Running The Numbers (The Long Run 2012)

mathAs a social sciences major in college, I skated by with a single math course: math for non-majors. I received an A for showing up and feigning interest: sad but true. And what did I need math for anyway? That’s what calculators are for, I reasoned. It wasn’t like I was trying to get into an MIT graduate program.That was long before I discovered running, and started seeing numbers everywhere (though it will never be said of me that I have a beautiful mind).

Running, as we commonly experience it in the West, is an intrinsically quantitative endeavor. At its heart, running is one of the most beautifully simple things; but we cannot resist freighting in with a little Western—a little intellectual—baggage. We measure out courses. We time performances. And that’s just the beginning of it. We record and target mile splits and average paces in our quest for zone-based training runs and record performances. We sometimes run indoor tracks of the oddest lengths: 1/11th, 1/13th or 1/22nd of a mile, where running at a target pace requires more division than a person should ever have to undertake while simultaneously counting laps (and possibly measuring leg turnover in steps per minute, monitoring heart rate and thinking about the stack of work on one’s desk).

And in this little piece I’m not even going to take on that bugbear of the American runner: converting meters and kilometers to miles, and vice versa. There’s a topic unto itself.

Sure there are myriad online calculators and aps designed to rescue runners who took only math for non-majors. (They’ll even say what your pace would have been had you taken your training run in Bogotá, Columbia with a 12 MPH headwind at 67 degrees and 80% humidity—in case you ever needed to know that.) And there are GPS sport watches to monitor our time, distance and average pace with a more-than-acceptable level of accuracy.

Problem is calculators—even phone apps–are a bit inconvenient to use while running. For convenience, nothing beats our hands-free onboard computer.

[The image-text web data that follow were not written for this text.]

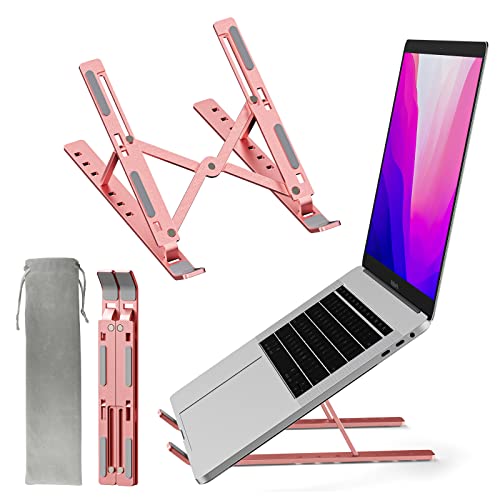 avakot Laptop Stand for Desk Adjustable | Computer Portable 7 Angles Anti-Slip Laptop Riser | Ergonomic Foldable Aluminum Laptop Holder Compatible with MacBook, iPad, Laptops 9-15.6 Inch | Pink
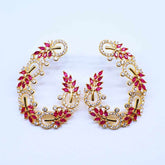 Floral Vine Crystal Statement Earrings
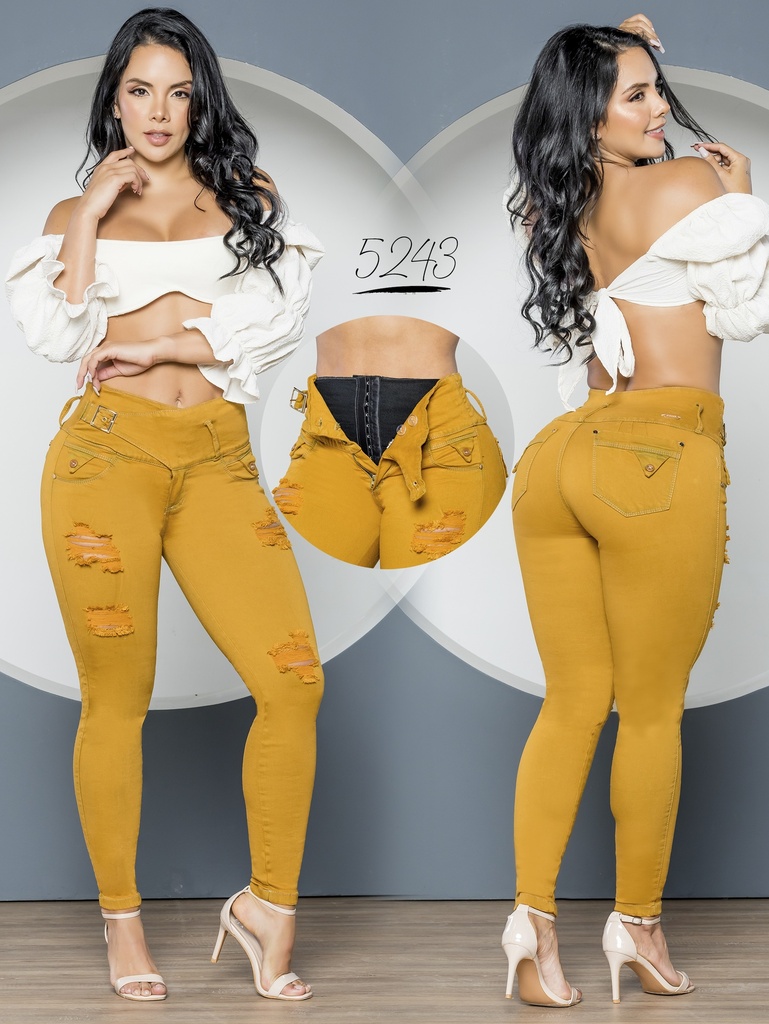 [2675243S01] Colombian Butt-Lifting Jeans with Built-In Girdle (1)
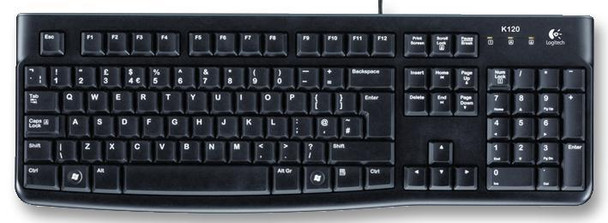 Logitech K120 Wired Keyboard UK- QWERTY
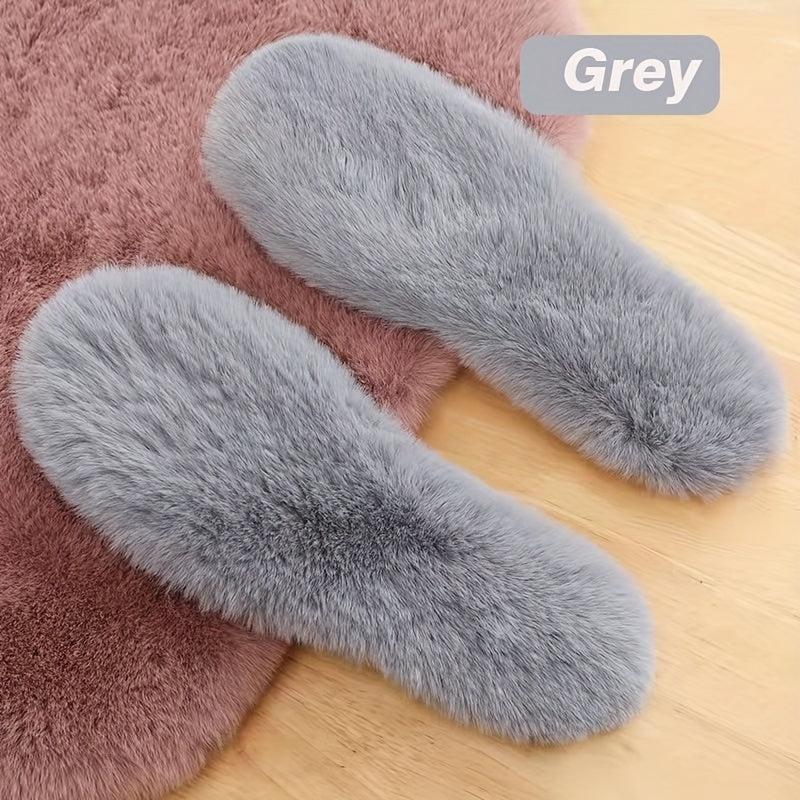 Fluffy Self Heated Thermal Insoles Thicken Rabbit Fur Soft & Comfy Sport Insoles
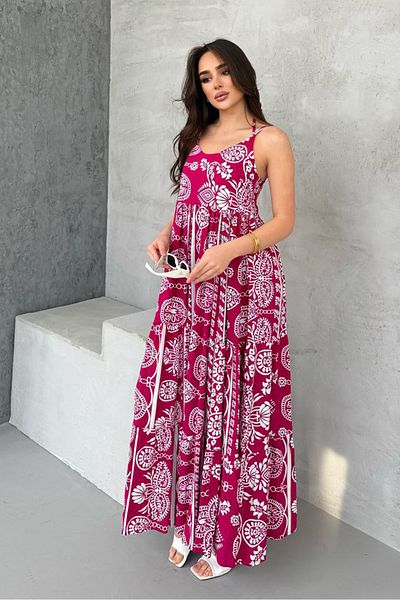 AYASOFYA OTANTIK Women's Burgundy Ethnic Paisley Patterned Long Dress with Straps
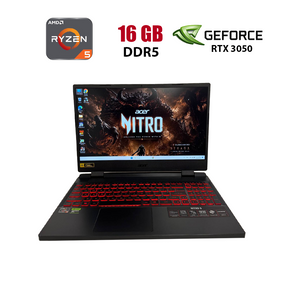 Ігровій ноутбук Acer Nitro 5 AN515-46 / 15.6" (1920x1080) IPS / AMD Ryzen 5 6600H (6 (12) ядер по 3.3 - 4.5 GHz) / 16 GB DDR5 / 512 GB SSD / nVidia GeForce RTX 3050, 4 GB GDDR6, 128-bit / WebCam б/в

Now I’m not going to claim that any running math vies with differential calculus—or even Sudoku—for difficulty. But I will say that the most basic math can be a challenge when discomfort and fatigue set in during a challenging run, when we can’t hear our thoughts for our labored breathing. (And after we’ve “hit the wall,” we’re doing well to know what the date is.) Though no Isaac Newton, I’m always running the numbers when I run. Here’s an example: say I run the first mile of a six mile trail run at an 8:37/mile pace, and I decide that today I feel like running an 8:00/mile pace. What should my average pace for the remaining five miles be? My GPS won’t give me that figure (though I broke the bank for the darned thing). The answer is that my average pace should be a shade under 7:53/mile. I’d better get on it! I check my watch frequently and try to hover around the prescribed pace. How did I find my new pace? By taking the 37 seconds that I have to make up and dividing it over the next five miles. The result is that I have to run 7 seconds and change under an 8:00/mile pace for each of the next five miles. Of course I may reassess my pace at 3 or 4 miles and have to run the math again and again as I approach the finish of my run.

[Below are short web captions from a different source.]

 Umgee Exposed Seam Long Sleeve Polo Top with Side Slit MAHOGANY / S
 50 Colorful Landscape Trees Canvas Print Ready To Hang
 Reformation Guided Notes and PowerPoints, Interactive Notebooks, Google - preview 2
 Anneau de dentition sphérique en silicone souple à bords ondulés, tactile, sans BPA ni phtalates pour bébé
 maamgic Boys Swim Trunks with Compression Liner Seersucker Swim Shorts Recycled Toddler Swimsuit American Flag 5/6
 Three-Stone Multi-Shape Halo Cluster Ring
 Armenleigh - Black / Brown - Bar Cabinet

And here’s another example. I used to do the bulk of my winter training on the indoor track (a Lilliputian oval) at the Downtown YMCA. (Hey, I felt remarkably liberated—and fast—when I actually started running in a straight line again.) Preliminary to finding my time per lap, I converted my target pace from minutes (e.g., 8:10) to seconds (e.g., 490). I then divided the seconds by 22 (the track is 1/22nd of a mile long). In order to run an 8:10 mile on the Downtown YMCA indoor track, one must maintain a shade faster than a 22 second lap, all the while trying not to endanger stray children and patrons attempting to cross from the encircled weight and cardio machines. Being the instinctive runner that I am, I was always revising my pace and recalculating on the fly.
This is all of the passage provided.